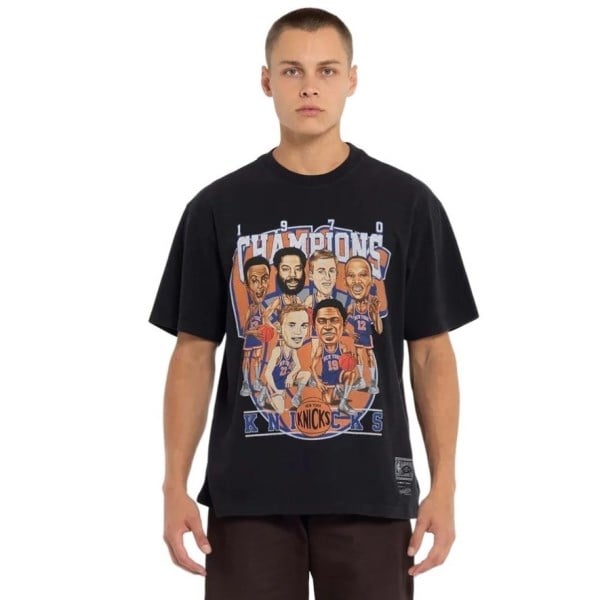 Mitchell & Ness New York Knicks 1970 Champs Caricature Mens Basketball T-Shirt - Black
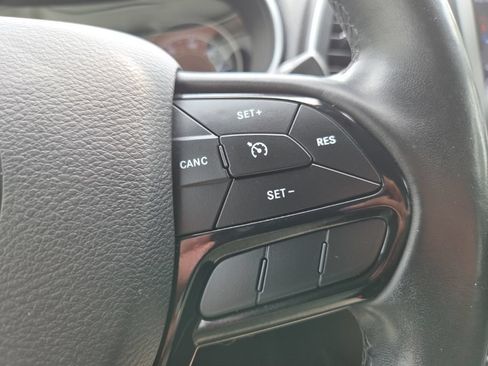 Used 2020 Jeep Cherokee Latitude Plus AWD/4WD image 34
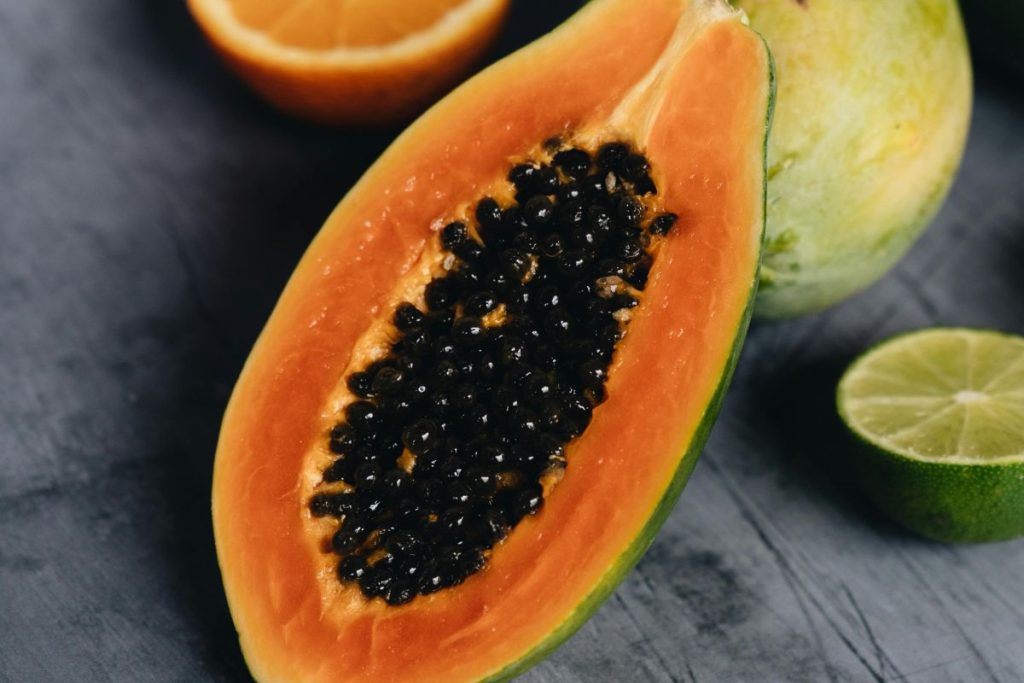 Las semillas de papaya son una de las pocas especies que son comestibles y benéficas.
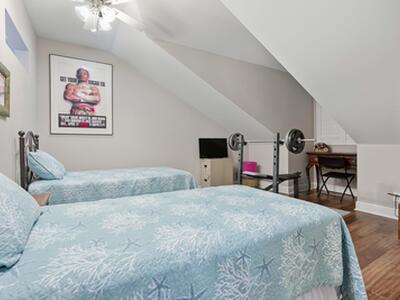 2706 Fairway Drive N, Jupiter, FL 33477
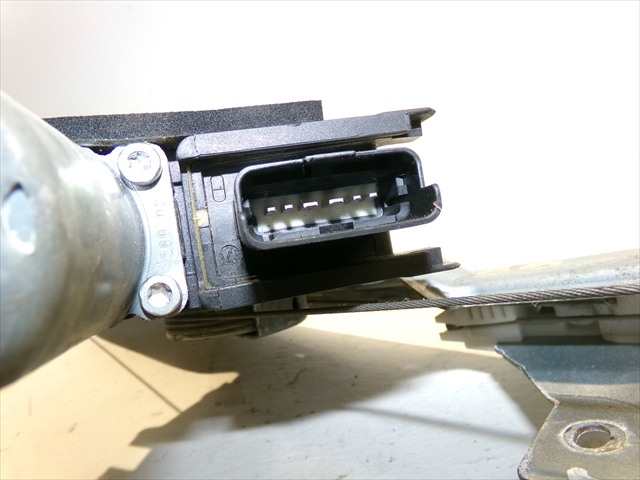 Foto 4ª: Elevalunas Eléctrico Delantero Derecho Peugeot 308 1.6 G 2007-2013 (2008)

•••

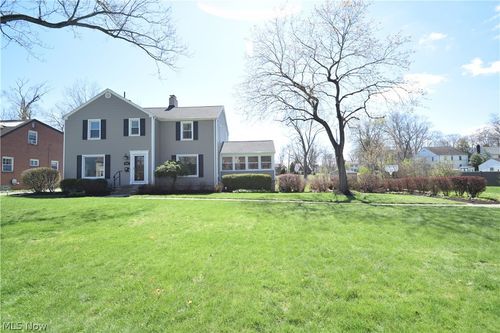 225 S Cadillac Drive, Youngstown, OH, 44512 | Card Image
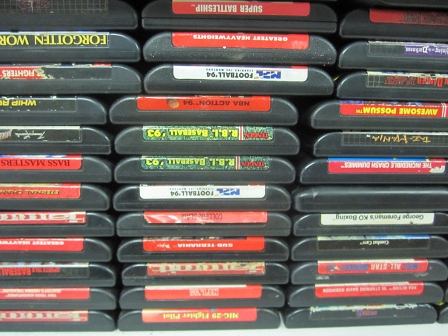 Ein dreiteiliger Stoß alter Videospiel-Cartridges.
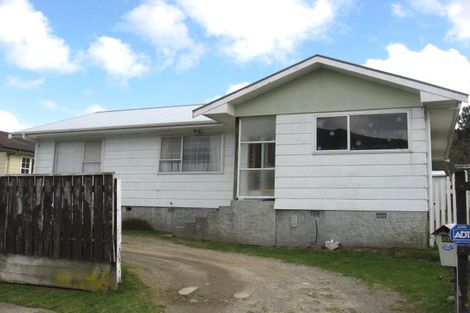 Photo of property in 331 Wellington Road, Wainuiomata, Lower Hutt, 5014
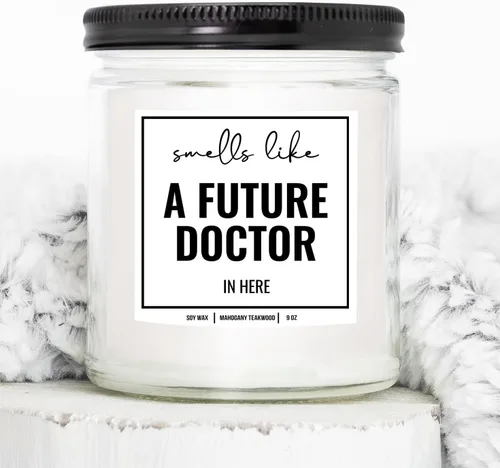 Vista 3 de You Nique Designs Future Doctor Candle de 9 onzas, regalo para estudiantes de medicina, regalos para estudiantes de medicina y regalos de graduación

•••

Task brief:
Among the lines above, the one with "Mitchell & Ness" opens the part to repeat and the one with "Foto 4ª: Elevalunas" closes it; repeat only that part exactly, with no pictures.

Output of the exercise:
 Mitchell & Ness New York Knicks 1970 Champs Caricature Mens Basketball T-Shirt - Black
 Used 2020 Jeep Cherokee Latitude Plus AWD/4WD image 34
 Las semillas de papaya son una de las pocas especies que son comestibles y benéficas.
 2706 Fairway Drive N, Jupiter, FL 33477
 Foto 4ª: Elevalunas Eléctrico Delantero Derecho Peugeot 308 1.6 G 2007-2013 (2008)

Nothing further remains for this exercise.